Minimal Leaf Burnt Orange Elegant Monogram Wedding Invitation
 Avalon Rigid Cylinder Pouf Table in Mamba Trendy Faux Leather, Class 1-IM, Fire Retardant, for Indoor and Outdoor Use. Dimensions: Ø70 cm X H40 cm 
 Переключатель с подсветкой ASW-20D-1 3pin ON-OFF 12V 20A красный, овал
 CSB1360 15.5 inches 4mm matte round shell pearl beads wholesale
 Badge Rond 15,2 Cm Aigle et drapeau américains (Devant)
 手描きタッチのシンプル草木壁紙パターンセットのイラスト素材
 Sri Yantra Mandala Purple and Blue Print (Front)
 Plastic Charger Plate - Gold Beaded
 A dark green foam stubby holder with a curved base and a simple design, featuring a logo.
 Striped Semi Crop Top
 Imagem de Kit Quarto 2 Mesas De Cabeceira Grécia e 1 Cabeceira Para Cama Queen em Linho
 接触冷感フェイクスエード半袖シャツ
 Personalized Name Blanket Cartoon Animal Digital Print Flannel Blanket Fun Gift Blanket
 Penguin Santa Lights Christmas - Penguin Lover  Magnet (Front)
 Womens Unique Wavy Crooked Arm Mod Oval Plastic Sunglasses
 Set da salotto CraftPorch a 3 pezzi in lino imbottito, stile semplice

+++++

WHAT YOU SHOULD DO —
Repeat only the stretch of lines that opens with the line containing "Striped Semi Crop Top" and closes with the final line of the entries, both included, exactly as written.

EXERCISE OUTPUT —
 Striped Semi Crop Top
 Imagem de Kit Quarto 2 Mesas De Cabeceira Grécia e 1 Cabeceira Para Cama Queen em Linho
 接触冷感フェイクスエード半袖シャツ
 Personalized Name Blanket Cartoon Animal Digital Print Flannel Blanket Fun Gift Blanket
 Penguin Santa Lights Christmas - Penguin Lover  Magnet (Front)
 Womens Unique Wavy Crooked Arm Mod Oval Plastic Sunglasses
 Set da salotto CraftPorch a 3 pezzi in lino imbottito, stile semplice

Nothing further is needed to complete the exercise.